クアトロの名物のひとつが、客席に置かれたゴンドラ型のパルミジャーノのかたまり。
開店から、数えて20代目のパルミジャーノが到着している。
昨夜からその新しいパルミジャーノでリゾットとペンネを作ることになった。
一人前がやっと入る程度の穴を掘ってある。
掘った部分のチーズ“パルミの宝石”はお客様にそのまま食べて頂くために保存されている。
そして、引退したパルミ19は解体されて粉チーズとなり、濃厚カルボナーラなどに生まれ変わることになる。
それにしても、パルミジャーノほど、無駄なく利用されるチーズはないだろう。
パルミジャーノの原料乳から脂肪分を取りだしたものは最高に美味しい物という名前が付けられた“マスカルポーネ”になる。

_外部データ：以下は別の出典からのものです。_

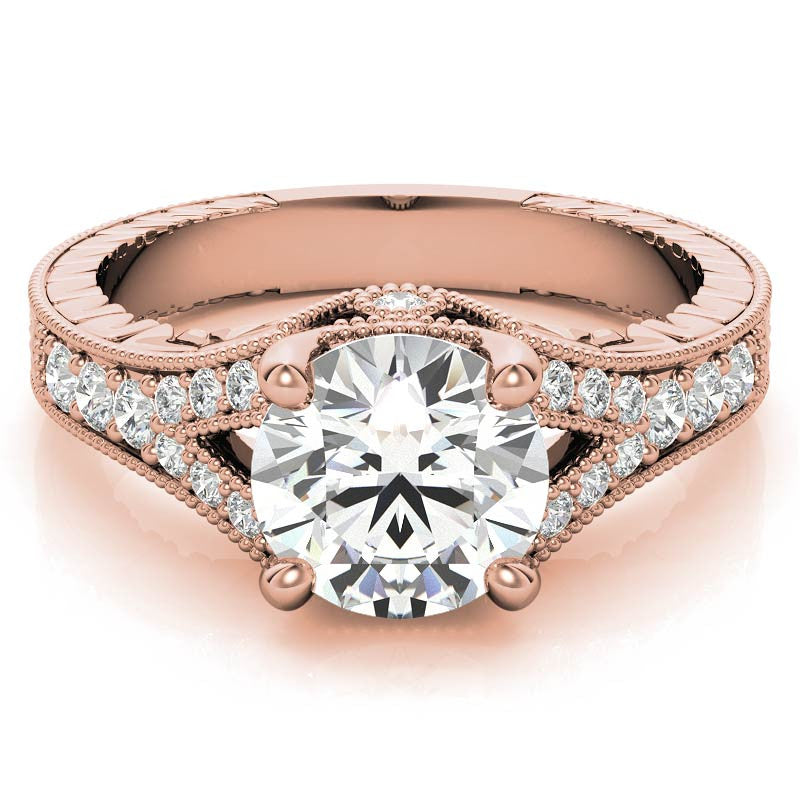 Antique Split Shank Round Brilliant Moissanite Engagement Ring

クアトロではマスカルポーネはティラミスに姿を変える。
さらに固形分を取り除いた後のホエーは、酢と塩を加えて再加熱すると“リコッタチーズ”になる。
この仕組みを応用したのがクアトロのレアチーズケーキである。
パルマではこのリコッタチーズが豚の餌になり、その豚からパルマ産のプロシュートが生まれる。
そして出来上がったパルミジャーノは色々な料理に使われる。
時には主役になり、時には脇役となって活躍する。
表面を覆うワックスの部分以外は無駄なく活躍するチーズである。